Tennis players, park goers, environmental groups and preservation organizations strongly rebuked the department for charging an hourly rate to use enclosed courts during the winter. Many residents were concerned with the high costs to play in the off-season and the pollution emitted from generators to keep the bubbles inflated.
The Parks Department proposed putting a bubble over 24 of Central Park’s 26 clay courts. The idea was to raise money from new fees in the winter and provide additional recreation in the park. The cost to tennis buffs could have range from $30 to $100 per hour.
Liz Krueger, an East Side state senator whose district covers the entire park,issued a letter in opposition to the plan.
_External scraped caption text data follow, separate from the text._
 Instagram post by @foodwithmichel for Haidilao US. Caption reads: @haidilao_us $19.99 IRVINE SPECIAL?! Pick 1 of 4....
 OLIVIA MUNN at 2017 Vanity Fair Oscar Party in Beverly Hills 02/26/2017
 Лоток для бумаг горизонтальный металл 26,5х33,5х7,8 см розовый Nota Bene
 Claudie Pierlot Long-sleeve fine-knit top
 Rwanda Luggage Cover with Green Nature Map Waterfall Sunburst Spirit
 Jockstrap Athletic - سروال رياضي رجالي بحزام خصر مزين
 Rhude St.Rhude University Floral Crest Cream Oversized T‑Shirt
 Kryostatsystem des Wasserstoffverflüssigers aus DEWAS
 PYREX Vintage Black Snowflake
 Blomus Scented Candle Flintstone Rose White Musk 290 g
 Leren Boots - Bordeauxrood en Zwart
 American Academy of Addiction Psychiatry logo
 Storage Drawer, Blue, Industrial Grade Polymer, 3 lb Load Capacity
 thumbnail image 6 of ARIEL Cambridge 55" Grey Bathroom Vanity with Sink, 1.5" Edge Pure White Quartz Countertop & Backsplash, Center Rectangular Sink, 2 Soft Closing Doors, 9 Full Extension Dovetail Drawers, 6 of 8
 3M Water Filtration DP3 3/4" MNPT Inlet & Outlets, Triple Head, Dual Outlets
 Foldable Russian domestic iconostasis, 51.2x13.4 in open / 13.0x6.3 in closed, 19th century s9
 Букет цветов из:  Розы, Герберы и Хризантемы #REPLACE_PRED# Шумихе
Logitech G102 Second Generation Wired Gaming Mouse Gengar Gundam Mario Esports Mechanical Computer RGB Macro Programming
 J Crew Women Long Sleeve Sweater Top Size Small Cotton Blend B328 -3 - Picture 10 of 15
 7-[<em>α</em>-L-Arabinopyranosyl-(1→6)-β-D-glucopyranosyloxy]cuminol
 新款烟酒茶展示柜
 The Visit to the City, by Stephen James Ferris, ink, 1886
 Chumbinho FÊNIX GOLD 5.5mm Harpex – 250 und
Krueger said she was disturbed that the Parks Department would propose such an idea.
“[The plan] violates the entire commitment of Parks Department to keep Central Park the crown jewel,” Krueger said.
State Sen. Tom Duane, who signed the letter in opposition to the plan, said that the bubbles would look out of place in Central Park.
“I think that tennis bubbles are best left to the private sector and not on public space,” he said. “Tennis courts—fine. But bubbles—no good.”
Landmark West, a preservation group, helped organize opposition to the bubbles and hailed the department’s decision.
“We’re incredibly grateful to everyone who came together on this issue,” said Cristiana Peña, director of community outreach at Landmark West. “A lot of people were concerned about Central Park in terms of preservation, the environment, or people who just like playing tennis. We came together.”
This is the second time that the Parks Department’s plans for tennis bubbles have been popped. In late April, the city backed out of a year-round permit for the Sutton East Tennis Club to operate at the Queensboro Oval during the summer months.